Information shown »
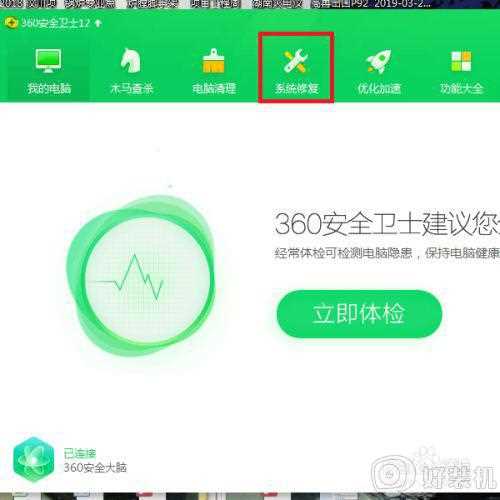 win7无线网络红叉怎么办_win7电脑wifi突然变成红叉如何解决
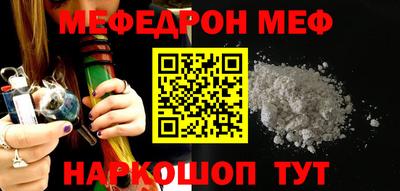 мяу мяу кристалл Гусев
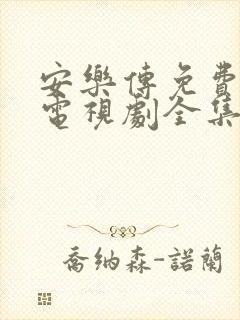 安乐传免费观看电视剧全集高清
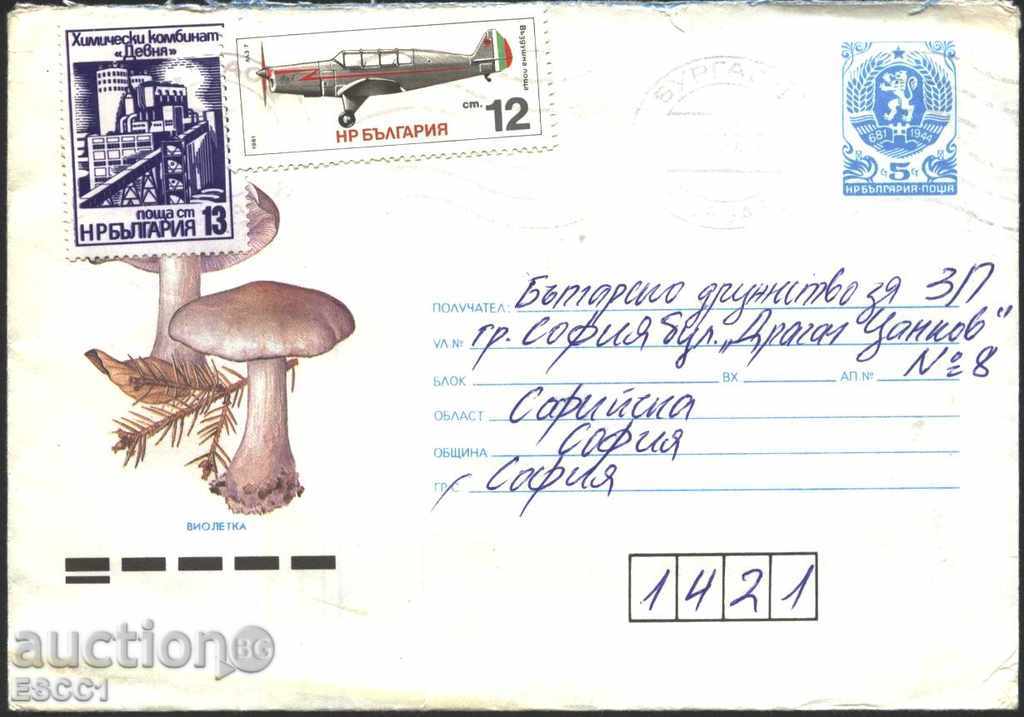 Пътувал плик  Гъби Виолетка 1990 от България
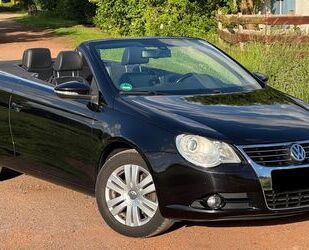 VW Eos Gebrauchtwagen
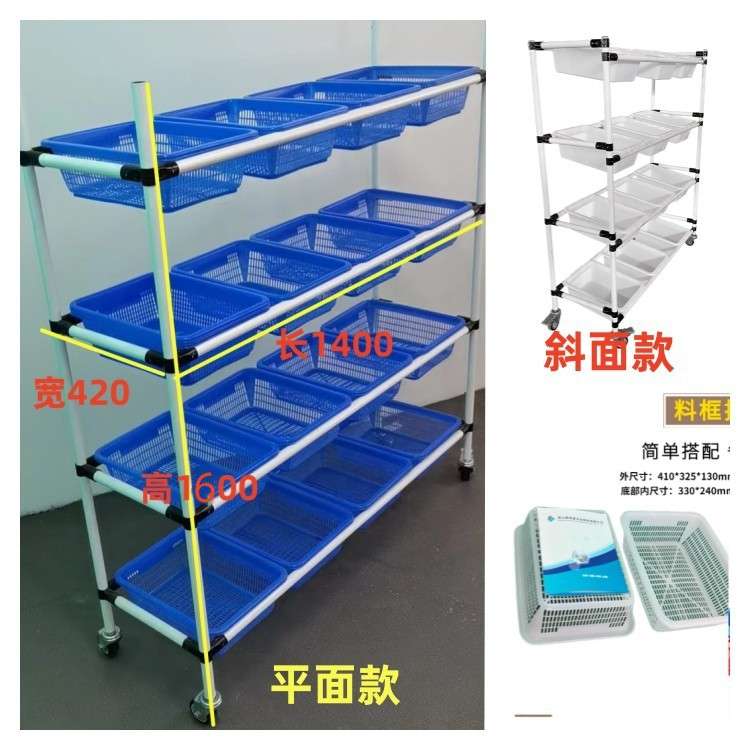 新品拣货车电商神器多功能仓库配货快递分拣含筐收纳手推捡货车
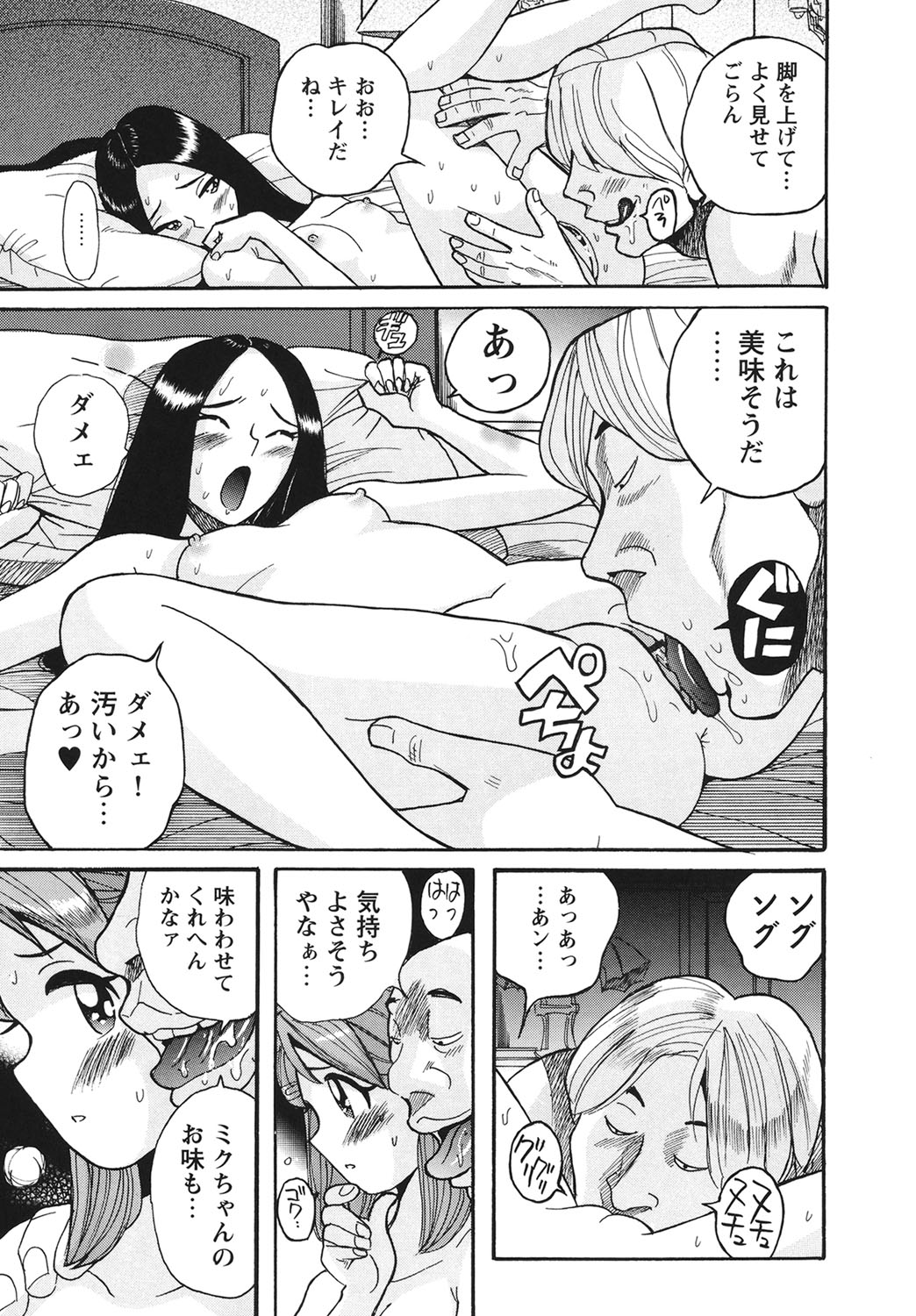 [Kojima Miu] Hentai Shojo Choukyou Club [Digital] page 28 full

Action item »
Print every entry verbatim and leave all pictures out.

Finished task »
 win7无线网络红叉怎么办_win7电脑wifi突然变成红叉如何解决
 мяу мяу кристалл Гусев
 安乐传免费观看电视剧全集高清
 Пътувал плик  Гъби Виолетка 1990 от България
 VW Eos Gebrauchtwagen
 新品拣货车电商神器多功能仓库配货快递分拣含筐收纳手推捡货车
 [Kojima Miu] Hentai Shojo Choukyou Club [Digital] page 28 full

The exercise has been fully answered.